Tuesday, 27 February 2018

The latest chapter

I am resuscitating this corpse of a blog.  Or, rather, an online diary by this point as I last updated it in July of last year!

I stopped posting as I was boring myself.  Same old struggles, same old lack of progress, same old heartbreak.  But now I have a reason to document the next year or so (I hope).

My specialist has been talking for a few years now about whether I’d be prepared to consider bariatric surgery and I’ve always said no.  Until May this year when I said I would (consider it).  I then went away and did quite a bit of research.

I was initially attracted to the bypass option – purely and simply because you lose the most weight that way (something like 78-80% of excess weight lost).  I talked to P about it whilst we were off on holiday last week (Qatar – tried using my Arabic but everyone in a service job was from other countries (mainly the Philippines)).  He was concerned about the irreversibility of it.  I took his point.  

So I started looking at the band.  It’s less invasive and I’d be back at work sooner.  Typically it says around 50% of excess weight is lost.  Tbhwhilst I’d like to lose a lot more, as the advert says, every little helps.  Plus, although it may sound trivial, I think you’re not supposed to drink with or after eating with the bypass - I didn’t take my wine exams to never drink again.
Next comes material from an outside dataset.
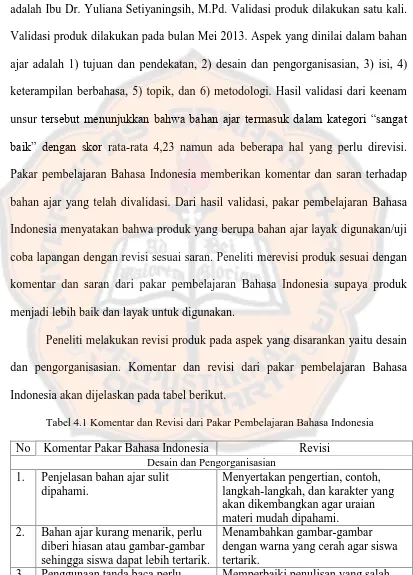 Tabel 4.1 Komentar dan Revisi dari Pakar Pembelajaran Bahasa Indonesia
I can give it up for a period of time but not forever. 

But it all depends – of course – on what the surgeon says.  I have two appointments in April.  One with the nurse (and I think – although it’s not clear) that that’s a series of appointments over the whole day.  Then a couple of weeks later with the surgeon.  There is a lot of form filling to be done before then – it is really depressing me.  It’s forcing me to remember all the lows (in mood rather than scales – although there’s certainly an inverse relationship there) – I’m struggling to keep myself above the sucking waters of depression as it is, this is pulling me down further.

I intend to tell no-one about this (if it does happen): just my husband and you dear (probably given up) Reader.  I do think there’s a concept of ‘cheating’ with it by people who haven’t given it much thought.  I read an excellent blog of a lady who went through this: she repeated what her clinical team had told her, which also chimed with her experience, that the band helps you by approximately 30% and the remaining 70% has to come from you.  It seems that you have an initial big loss (akin to Lighterlife you lose approximately a stone a month for the first three months) and then it’s 1-2lbs a week.  You see, that would be fine for me – working to lose maybe half a stone a month (especially after the bigger loss).  What has felled me in the past is when the losses just stop, despite the effort I put in.  Then it turns into a vicious circle.  When I’m getting results, I find it much easier to stick to.  I know that’s twisted. If I were more steely I would be all the more determined. I fear I am not a woman of substance. Although of course I am a substantial woman.